■ **REQUIRED ACTION**: Give the listing again exactly, omitting its images.

■ **SOURCE MATERIAL**:

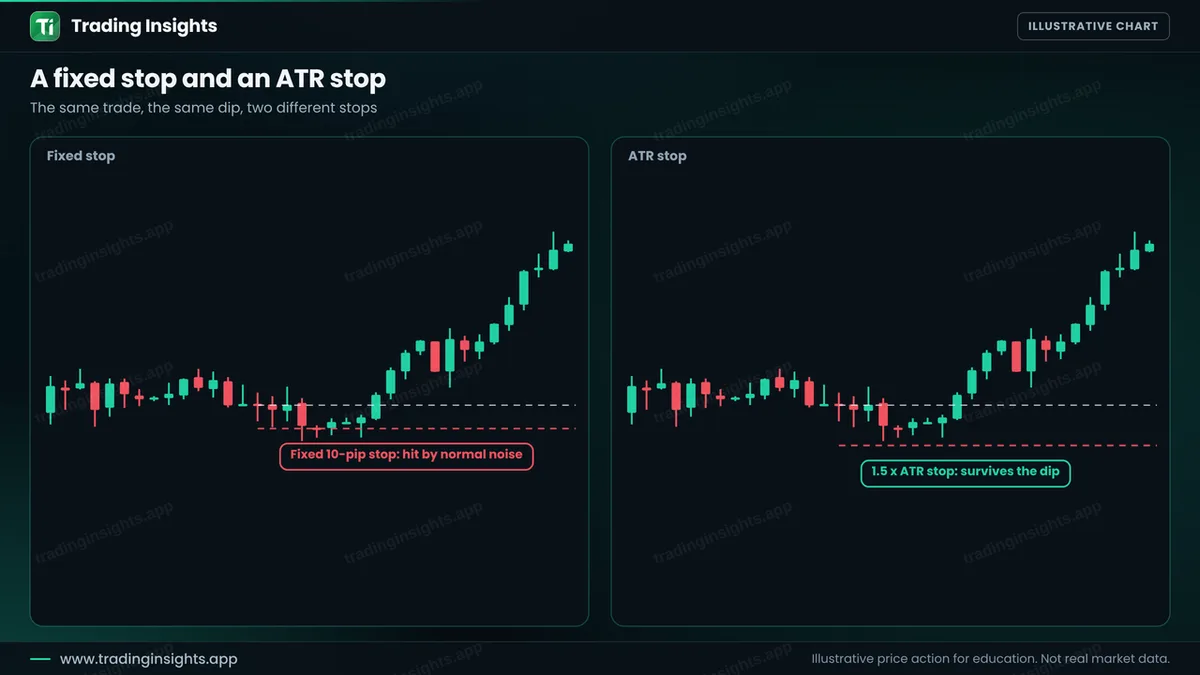 Two EUR/USD H1 charts of the same trade: a fixed 10-pip stop hit by a normal dip, and a stop at 1.5 times ATR that survives the dip and the trade goes on to win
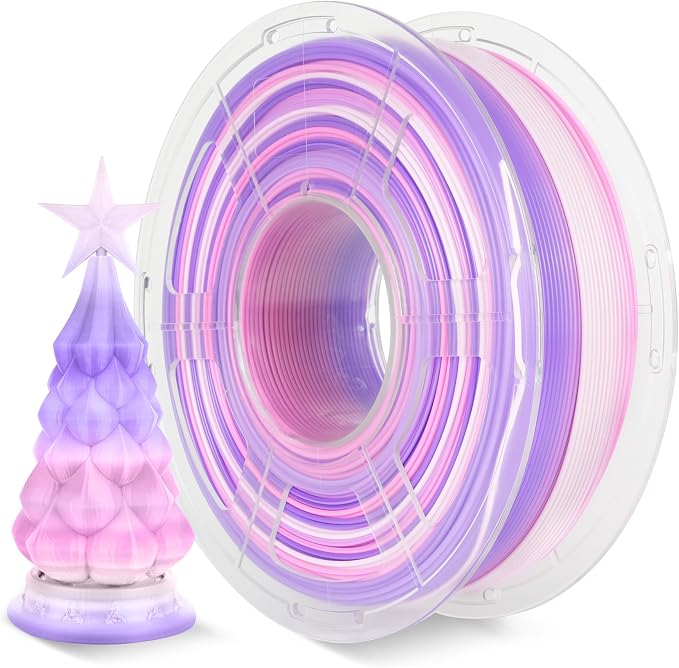 SUNLU PLA Rainbow Filament, Multicolor 3D Printer Filament, Smooth Color Change, Color Change Each 8 Meters, Suitable for Christmas Decoration, 1kg 330 Meters, PLA Rainbow (More Like Pink)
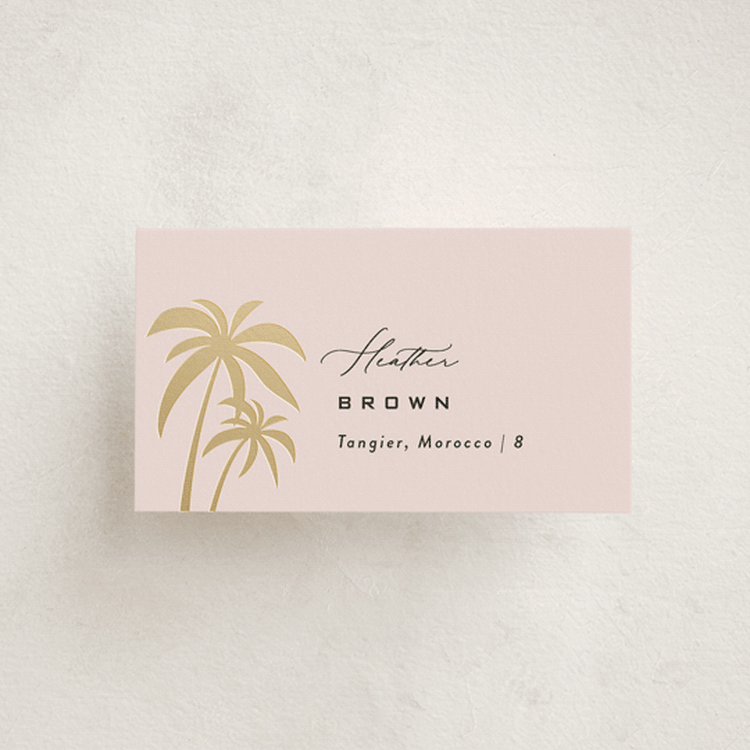 "tropical getaway" - Place Cards in Blush by Laura Hamm - Front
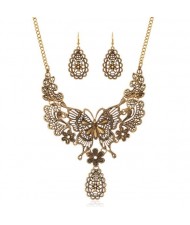 Hollow Butterfly and Flower Vintage Fashion Chunky Statement Necklace and Earrings Set - Golden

■ **YOUR SOLUTION**:
 Two EUR/USD H1 charts of the same trade: a fixed 10-pip stop hit by a normal dip, and a stop at 1.5 times ATR that survives the dip and the trade goes on to win
 SUNLU PLA Rainbow Filament, Multicolor 3D Printer Filament, Smooth Color Change, Color Change Each 8 Meters, Suitable for Christmas Decoration, 1kg 330 Meters, PLA Rainbow (More Like Pink)
 "tropical getaway" - Place Cards in Blush by Laura Hamm - Front
 Hollow Butterfly and Flower Vintage Fashion Chunky Statement Necklace and Earrings Set - Golden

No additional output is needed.